According to O’Neill, the biggest adjustment for devoted athletes who decide not to play in college is to handle the down time.
“A lot of the kids who come back and tell me what they’re doing will say that they became involved in athletics on the intramural level,” O’Neill said. “They love it, because they still get to compete, but it’s not at the every day grind that they would have had playing at Division III.”10 varsity seasons enough
Alexa Janus says she was a little surprised when her guidance counselor asked while discussing college applications if she was interested in playing sports.
“I kind of laughed to myself, like, ‘Me? Play sports in college? It was never really a realistic thought in my mind. I never thought I was good enough to play on the college level.”
She has been plenty good enough to help Stagg’s girls athletics excel.

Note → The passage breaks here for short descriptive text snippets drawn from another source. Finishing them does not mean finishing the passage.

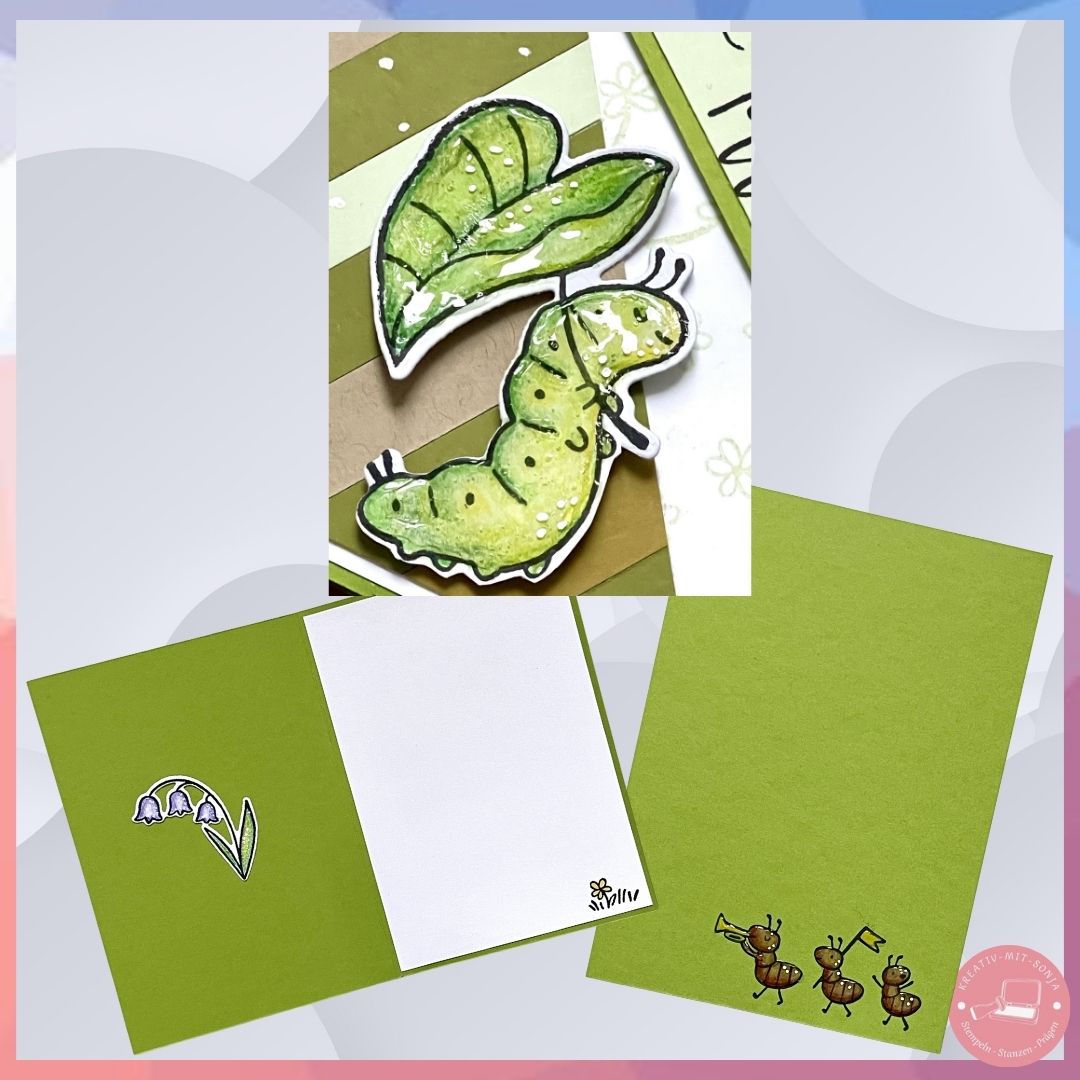 Bild 7 HZ-Hop 2026-02 FB+Blog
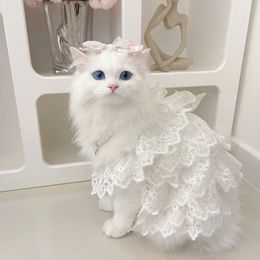 猫の服レースウェディングドレスデザイナー犬の服ホワイトホローレイヤープリンセス猫ドレスファッションエレガントな犬のドレス240507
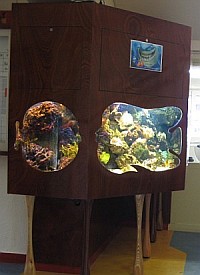 Houten rifaquarium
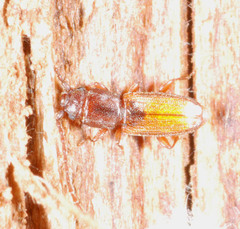 Placonotus testaceus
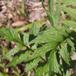 Læge-Baldrian (Valeriana officinalis)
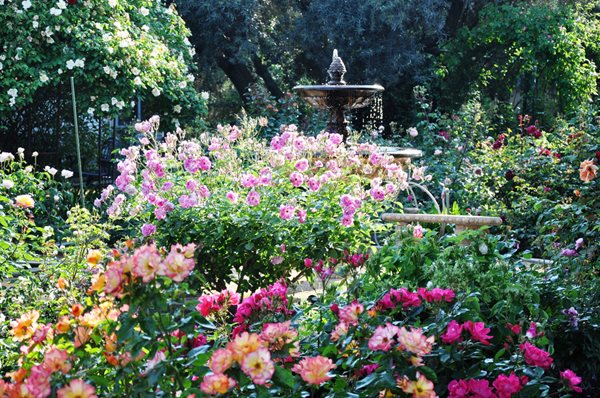 Rose Extravaganza in an Olive Grove
Christopher Whelan (Homeowner)
San Joaquin Valley, CA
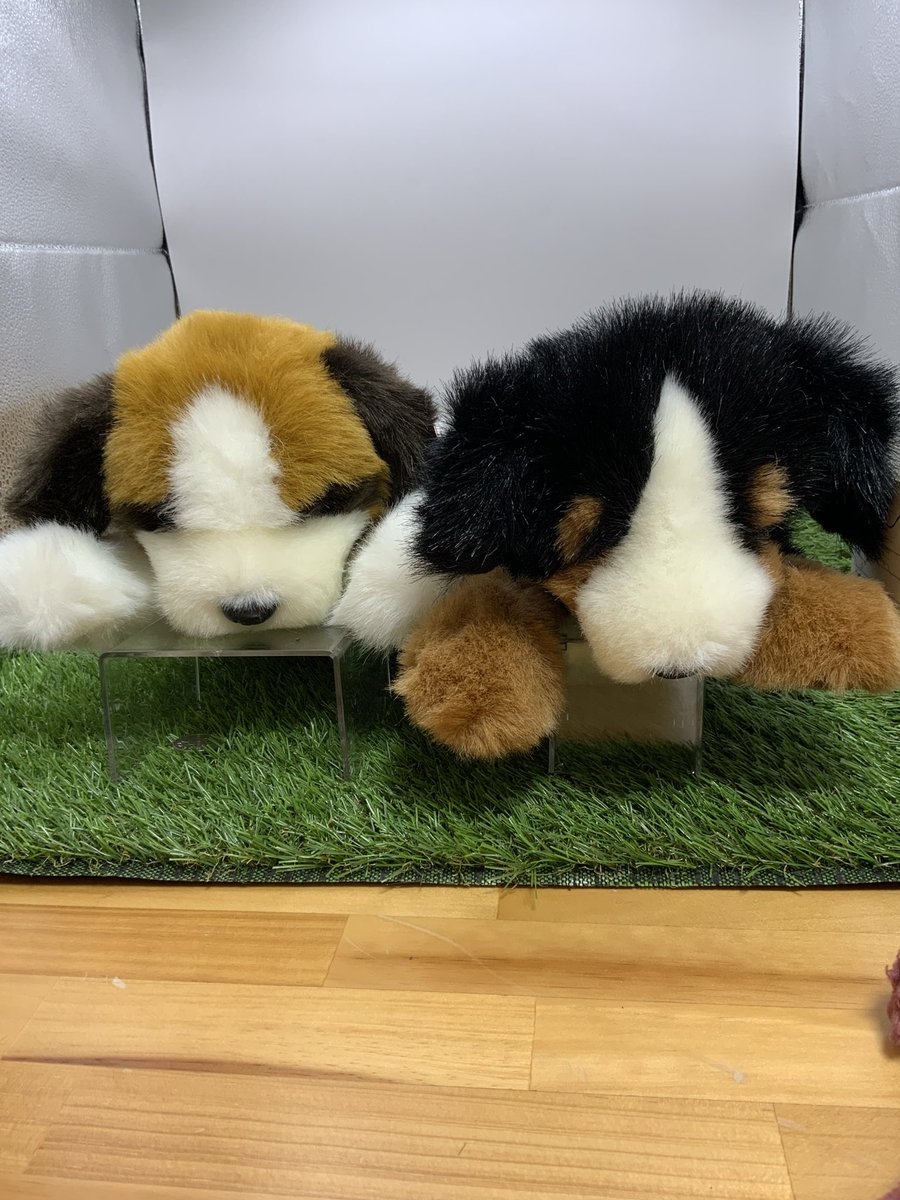 童心 ぬいぐるみ 犬 ぬいぐるみの童心【公式】🥺 (@Dousin_kawaii) / Posts / X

Janus, a three-sport athlete, played three years of varsity volleyball, is completing her third year of varsity basketball, and will be entering her fourth year of varsity soccer.
In volleyball, as a starting senior setter, she helped lead the Chargers to a conference title, a sectional final, and 32 victories — the third-most in the program’s history.
In basketball, she’s a starting guard for a Chargers team that has won 15 games and is in the thick of the chase for the SouthWest Suburban Red title.
A defender on the soccer team, she helped lead the Chargers to a Class 3A regional title in 2012.
Her height (5-foot-4) hasn’t drawn the attention of college scouts, but ...
“There is a lot more to her than her size,” Chargers girls basketball coach Bill Turner said. “She’s tenacious, probably one of the fiercest I’ve ever been around and coached. I think she could play in college in any sport she wanted to.”
But 10 seasons of varsity sports, Janus says, will be enough. And down time won’t be a problem when she’s a student at either Madison University or the University of Missouri.
“I feel like, from doing all of it my whole life, that I want to try some new things,” she said. “I want to do something in health care, which would take a lot of time (studying). And maybe I’d get involved in new activities, maybe new (intramural) sports.
“They (coaches and counselors) tell me to keep my mind open, that something might happen my senior year in soccer. I would think about it, but I think I’d rather just enjoy college and the experience.”